# [Problem to solve]
Exactly as written, return every line of the data below apart from the pictures.

───── Entries supplied

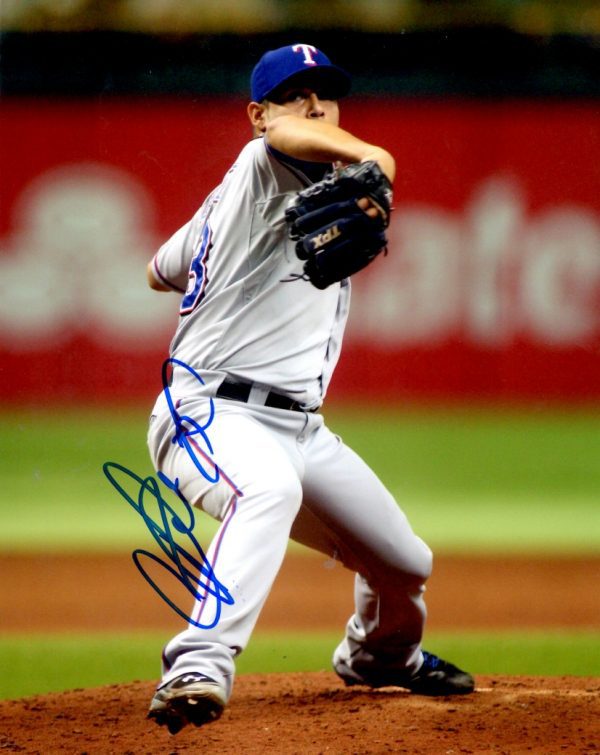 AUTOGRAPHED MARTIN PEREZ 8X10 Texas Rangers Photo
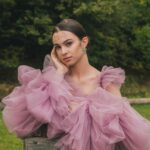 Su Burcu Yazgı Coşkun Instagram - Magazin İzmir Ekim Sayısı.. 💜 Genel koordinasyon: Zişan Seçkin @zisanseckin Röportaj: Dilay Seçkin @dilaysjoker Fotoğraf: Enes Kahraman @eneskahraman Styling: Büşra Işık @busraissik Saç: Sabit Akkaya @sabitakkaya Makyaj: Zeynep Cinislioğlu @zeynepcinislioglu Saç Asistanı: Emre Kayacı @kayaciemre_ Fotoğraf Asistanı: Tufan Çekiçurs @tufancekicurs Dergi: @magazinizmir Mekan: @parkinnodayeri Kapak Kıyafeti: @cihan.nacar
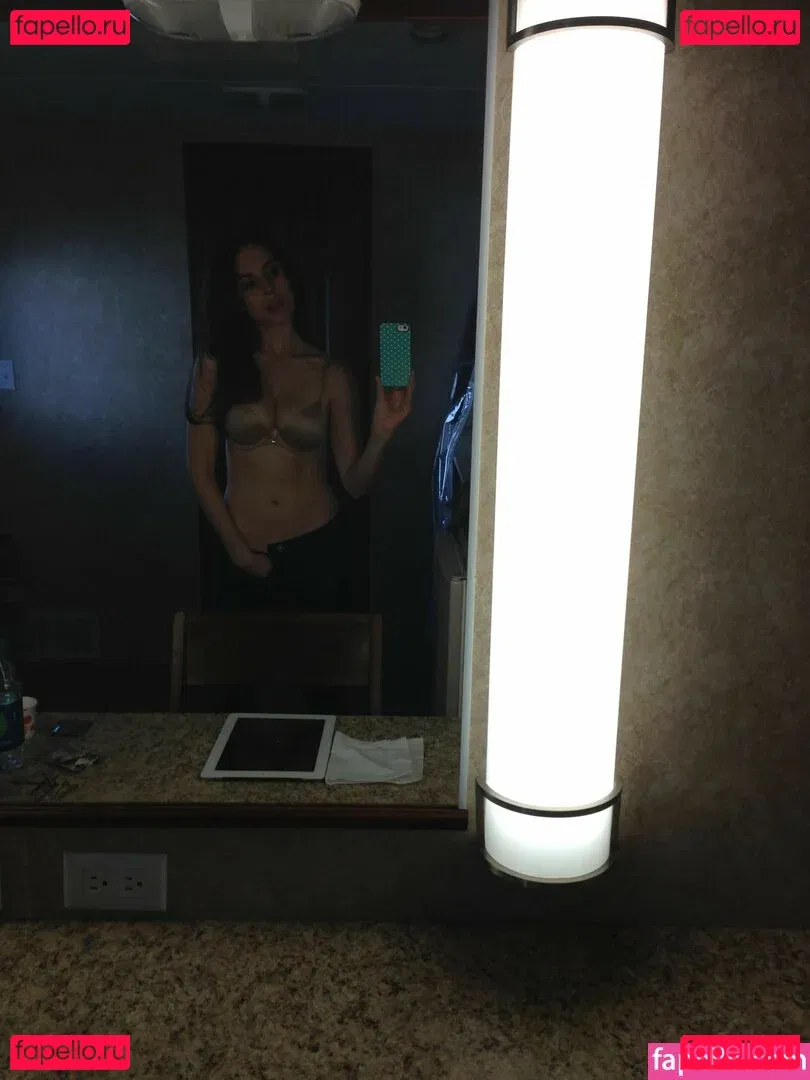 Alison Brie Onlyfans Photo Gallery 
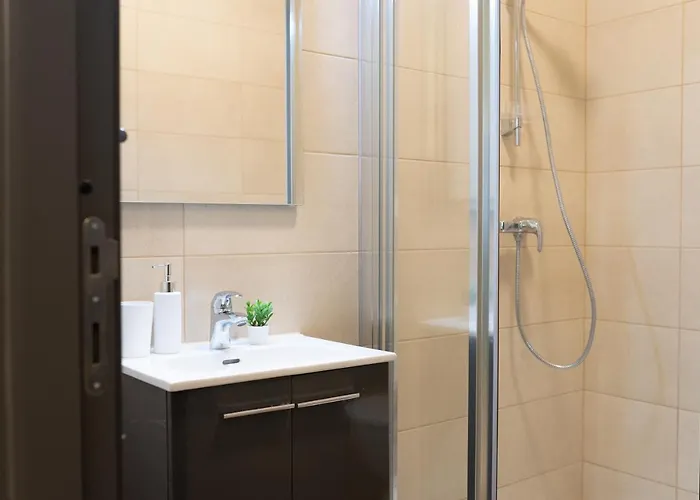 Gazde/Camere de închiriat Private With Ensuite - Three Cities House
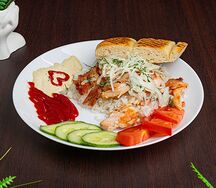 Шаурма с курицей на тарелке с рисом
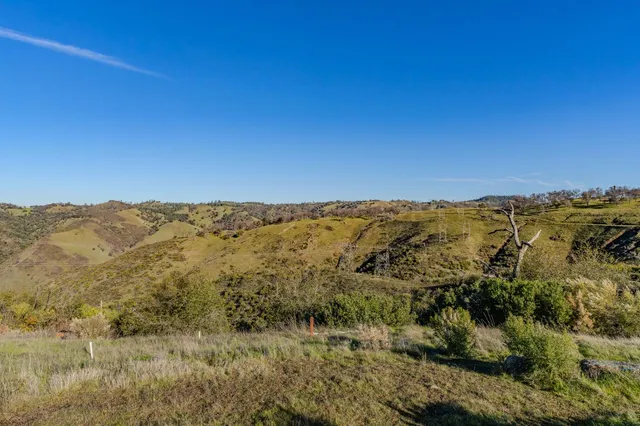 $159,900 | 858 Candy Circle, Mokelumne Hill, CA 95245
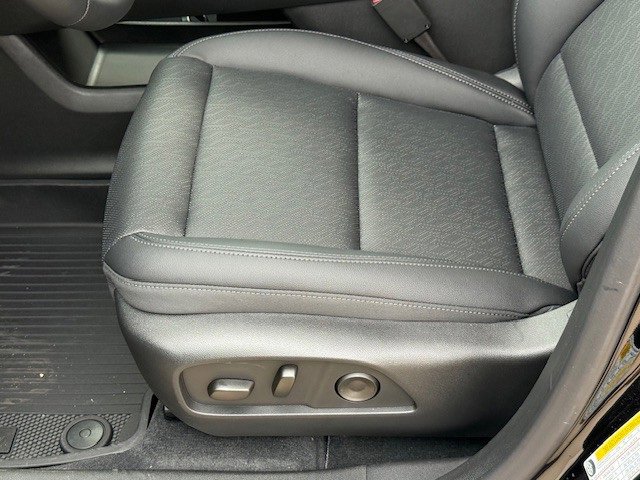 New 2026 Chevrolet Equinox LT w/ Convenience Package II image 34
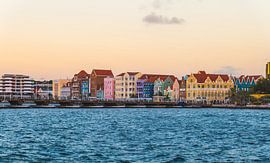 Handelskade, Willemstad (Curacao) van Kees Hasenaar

──────────

# [Result of the exercise]
 AUTOGRAPHED MARTIN PEREZ 8X10 Texas Rangers Photo
 Su Burcu Yazgı Coşkun Instagram - Magazin İzmir Ekim Sayısı.. 💜 Genel koordinasyon: Zişan Seçkin @zisanseckin Röportaj: Dilay Seçkin @dilaysjoker Fotoğraf: Enes Kahraman @eneskahraman Styling: Büşra Işık @busraissik Saç: Sabit Akkaya @sabitakkaya Makyaj: Zeynep Cinislioğlu @zeynepcinislioglu Saç Asistanı: Emre Kayacı @kayaciemre_ Fotoğraf Asistanı: Tufan Çekiçurs @tufancekicurs Dergi: @magazinizmir Mekan: @parkinnodayeri Kapak Kıyafeti: @cihan.nacar
 Alison Brie Onlyfans Photo Gallery 
 Gazde/Camere de închiriat Private With Ensuite - Three Cities House
 Шаурма с курицей на тарелке с рисом
 $159,900 | 858 Candy Circle, Mokelumne Hill, CA 95245
 New 2026 Chevrolet Equinox LT w/ Convenience Package II image 34
 Handelskade, Willemstad (Curacao) van Kees Hasenaar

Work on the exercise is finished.